Tatsächlich könnte ein Bankrott der verstaatlichten AIG auch in Deutschland erhebliche Folgen zeitigen. Allein bei den Kommunen könnten erheblich Probleme entstehen, schließlich haben, so die Welt, "weit über 100 Gemeinden so genannte Cross-Border-Leasing-Geschäfte mit US-Investoren abgeschlossen. Jetzt drohen ihnen daraus finanzielle Schäden in nicht absehbarem Umfang. Da die Versicherungen für die Geschäfte in Schieflage geraten sind, müssen die Kommunen für die Risiken eintreten. Das Gesamtvolumen der Deals beläuft sich nach Schätzungen auf bis zu 80 Mrd. Euro."

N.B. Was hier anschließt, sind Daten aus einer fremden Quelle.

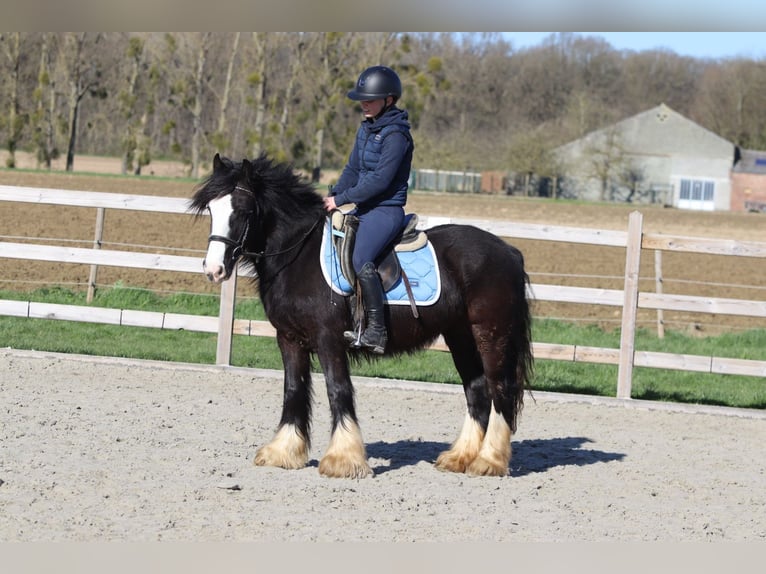 Tinker Stute 4 Jahre 133 cm Rappe in Pepingen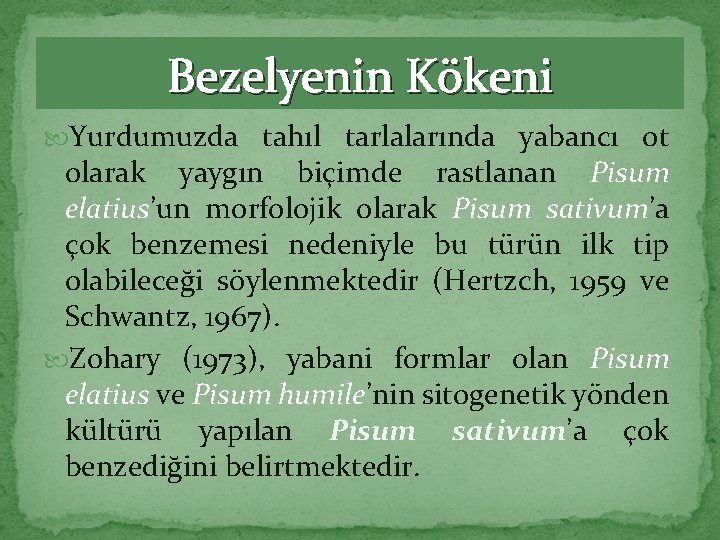 Bezelyenin Kökeni Yurdumuzda tahıl tarlalarında yabancı ot olarak yaygın biçimde rastlanan Pisum elatius’un morfolojik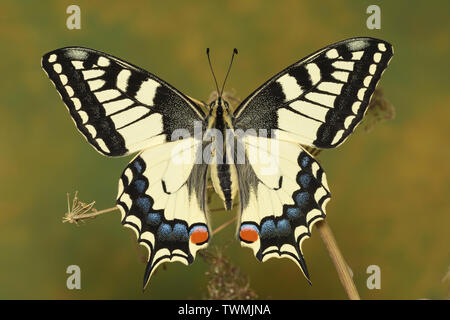 Papilio machaon, Schwalbenschwanz Stockfoto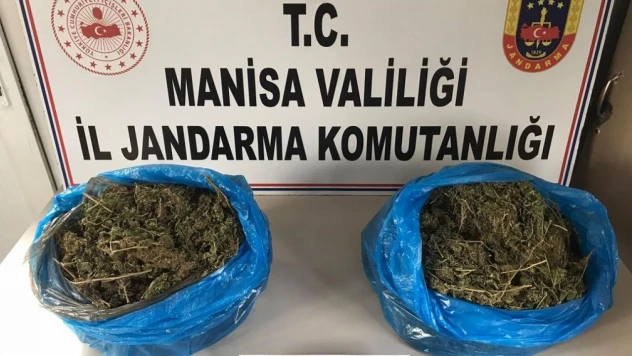 Manisa'da uyuşturucunun kökü kuruyacak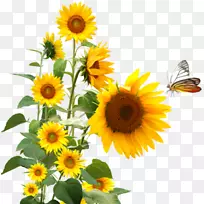 祝你幸福-YouTube-空若网 祝你幸福-YouTube-空若网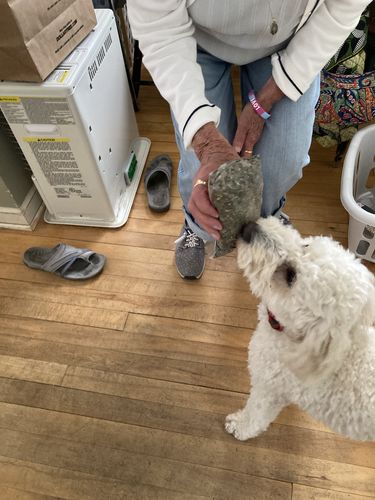 Customer photo review of K9 Essential Dry Herb Blend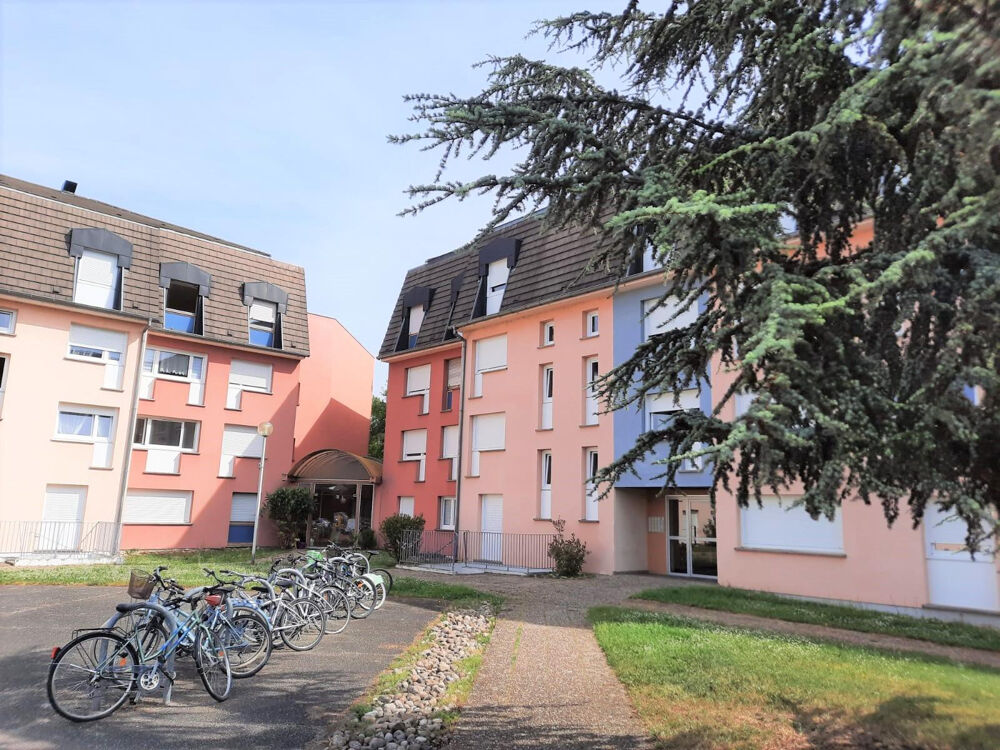 Location Appartement Beau studio MEUBLE 24m² ENTIEREMENT REFAIT A NEUF Illkirch-graffenstaden
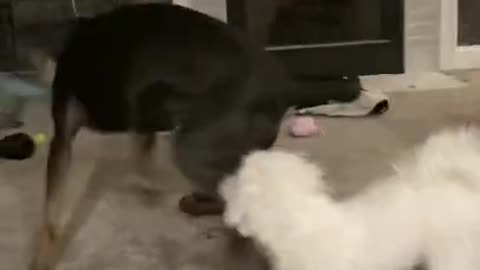 .Callie and Louie!!🥰🥺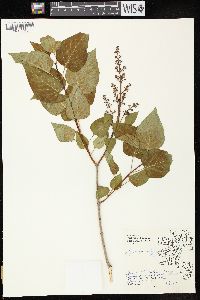 Syringa vulgaris image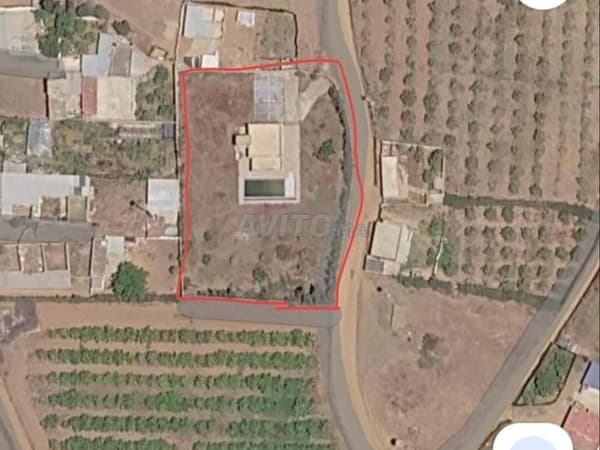 Terrein van 3000 m² met huis van 100 m² en zwembad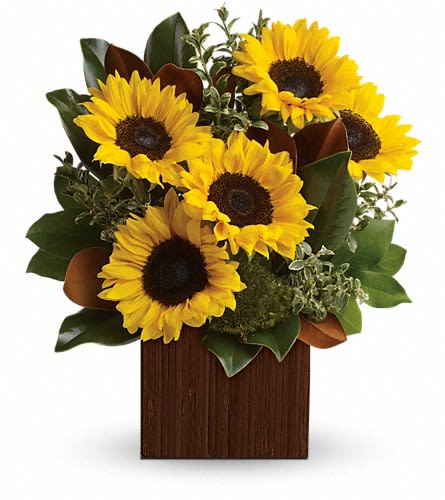 You're Golden Bouquet by Teleflora - Rise and shine! Send her a sunrise with this golden bouquet of bright-as-day sunflowers. It's the perfect gift for the light of your life. Bold bright sunflowers are arranged with delicate oregonia magnolia leaves lemon leaf and moss. Delivered in a Bamboo Cube.Approximately 14 1/2" W x 16 1/2" H Orientation: One-Sided As Shown : TEV32-1ADeluxe : TEV32-1BPremium : TEV32-1C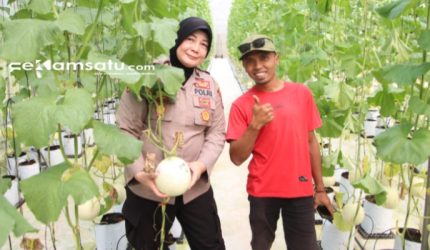 PROFIL: Khalik (kanan), petani milenial asal Kecamatan Manding sukses budidaya melon dengan metode Machida ala Jepang (dok: istimewa/Redaksi Rekam Satu)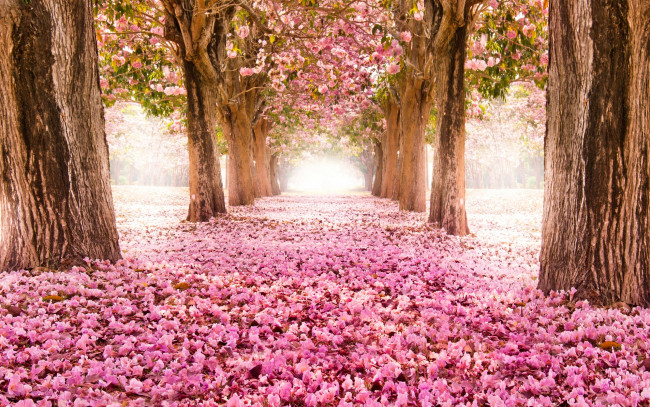 Обои картинки фото природа, парк, аллея, дорога, сакура, цветение, деревья, цветы, розовые
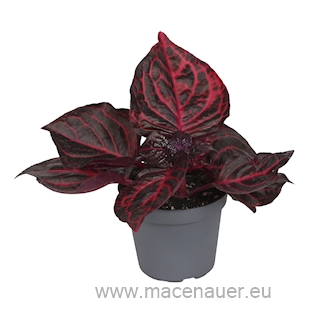 Iresine ‘Bloodleaf’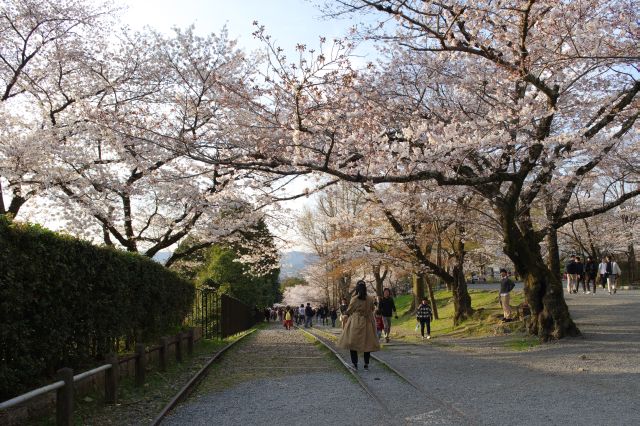 インクラインの坂へ。頭上は桜でいっぱいです。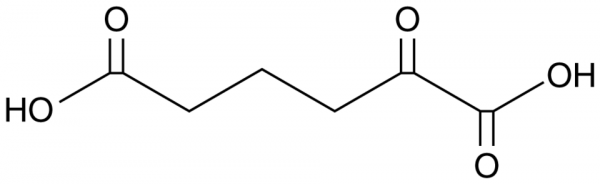 2-Oxoadipic Acid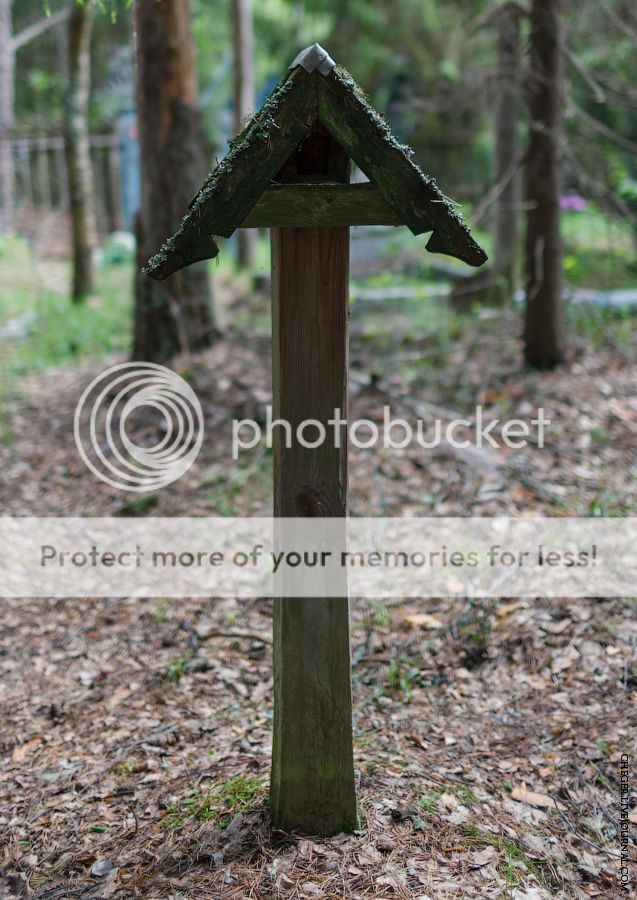 photo IMG_2587.jpg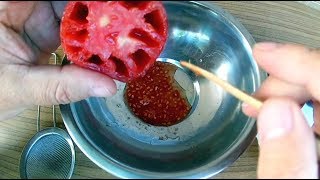 Как правильно собрать и сушить семена томатов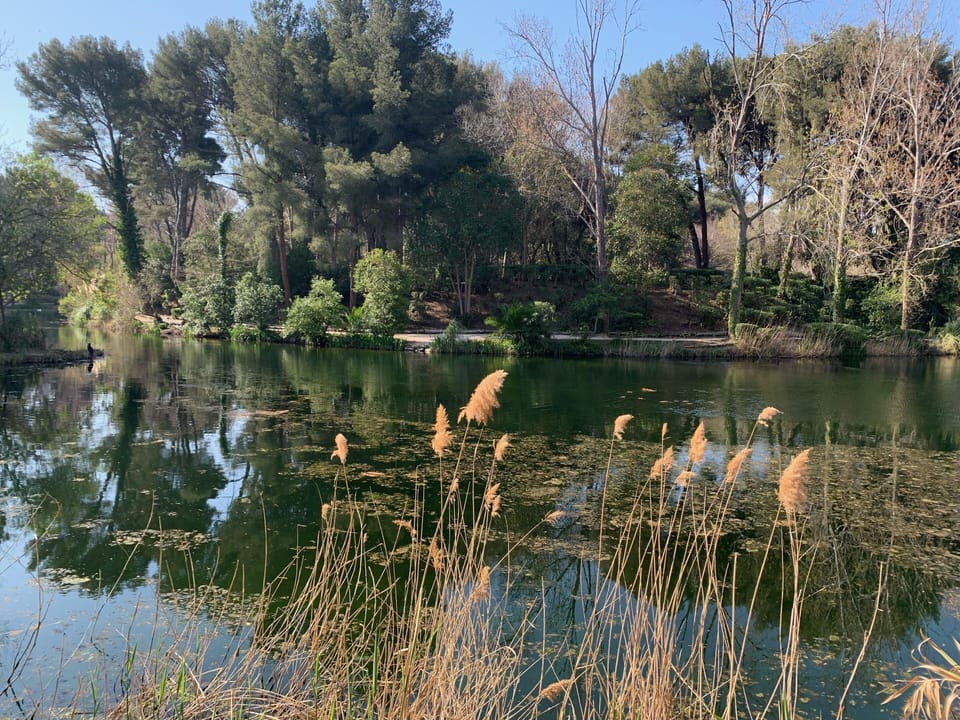 Lake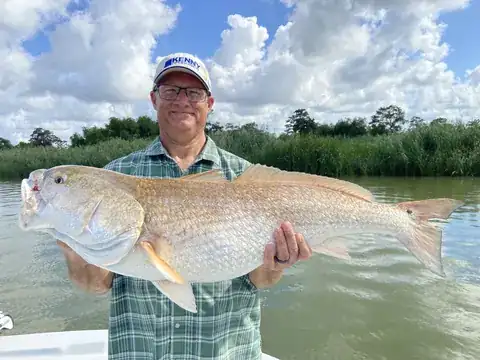 Angler in a plaid shirt holding a redfish in front of the marsh under tall clouds near Venice, Louisiana
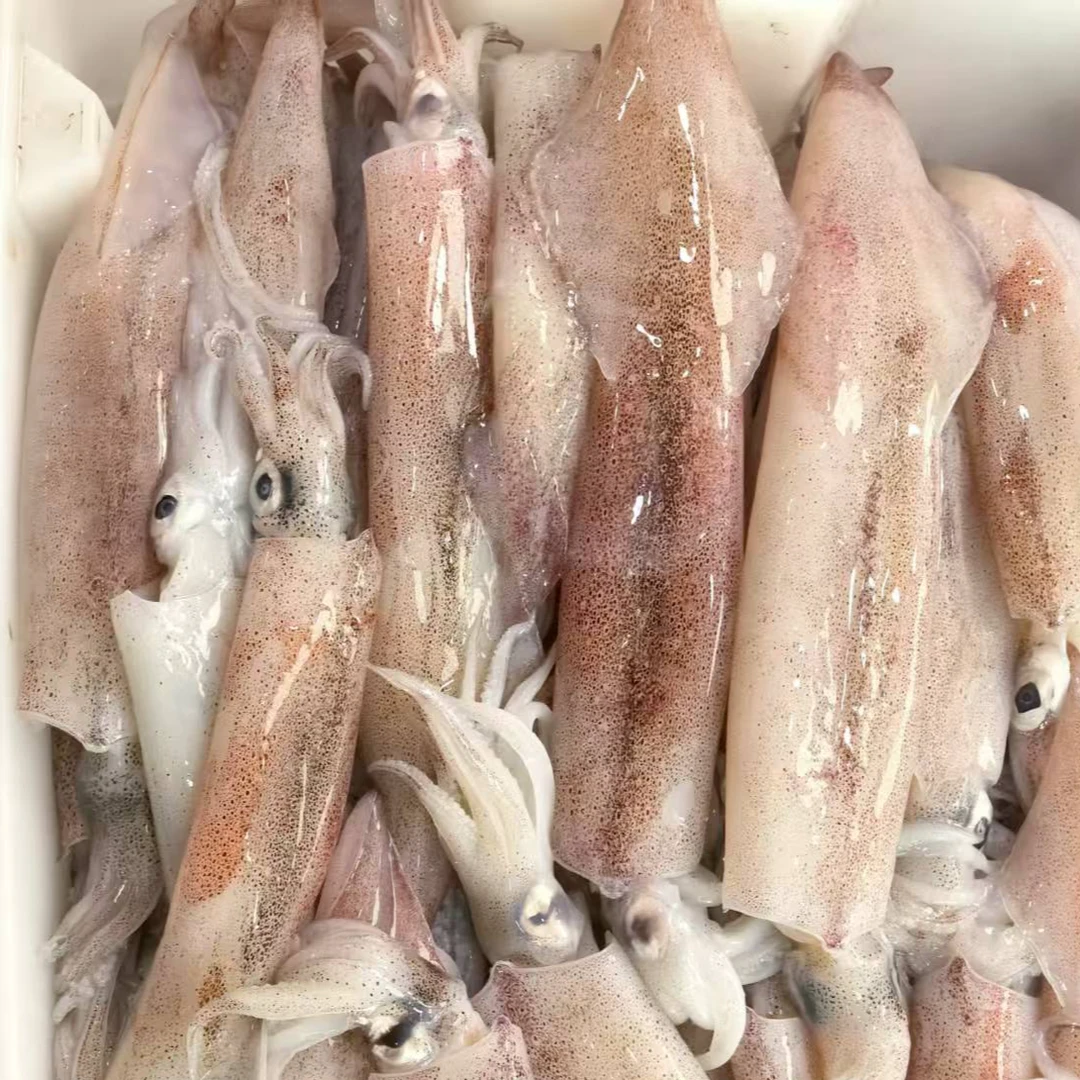 大管/火箭管/辣椒管顺丰发货次日达鱿鱼海鲜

Vertrauen zu beschwören, dürfte nun nicht mehr viel nützen. Weiteres Geld in den maroden Finanzmarkt zu pumpen, überzeugt offenbar nicht, sondern offenbart eher die Ratlosigkeit der Regierungen und igrer Finanzexperten. Auf dem Markt herrscht Panik. Die Börsen gehen in den freien Flug über, der Dow Jones hat eine weitere symbolische Schwelle gerissen und ist weit unter die Marke von 7000 Zählern gerutscht, auch der Dax rutscht wie die anderen Aktien-Indizes weiter ab. Mut machen die ratlosen Aktionen der Regierungen keineswegs, die immer mehr Geld versenken, da jeder weiß, dass die Rechnungen später beglichen werden müssen, auch wenn da die jetzigen Regierungen nicht mehr an der Macht sind, aber ihre Entscheidungen auch nicht mehr verantworten müssen.

Konnte man den letzten Crash noch auf die überzogenen Erwartungen an den Internetboom und die Anschläge vom 11.9. schieben, so ist nun das geldheckende Finanzsystem, der vermeintliche Goldesel, implodiert. War nach dem 11.9. die Bühne frei für eine neue Weltpolitik, die das Böse unter der Führung der USA bekämpfte, so ist nach dem Scheitern dieser Heilsideologie, die diejenige des freien (Finanz)Marktes kultivierte, eigentlich wieder Neues möglich – und zwar nicht auf der Ebene des Kultur- oder Religionskamps, sondern auf dem gesellschaftlichen Fundament der Wirtschaft. Fatal ist, dass nun nach der Verabschiedung des Kommunismus und der des Kapitalismus Leere herrscht, No Future(s). Das ist die Zeit der Demagogen. Und nachdem die Linke und die Liberalen ausgespielt haben, könnte es wieder einmal die Zeit der Rechten werden, wenn nicht doch noch neue Visionen gebildet werden können, die die Menschen überzeugen und in Bewegung versetzen.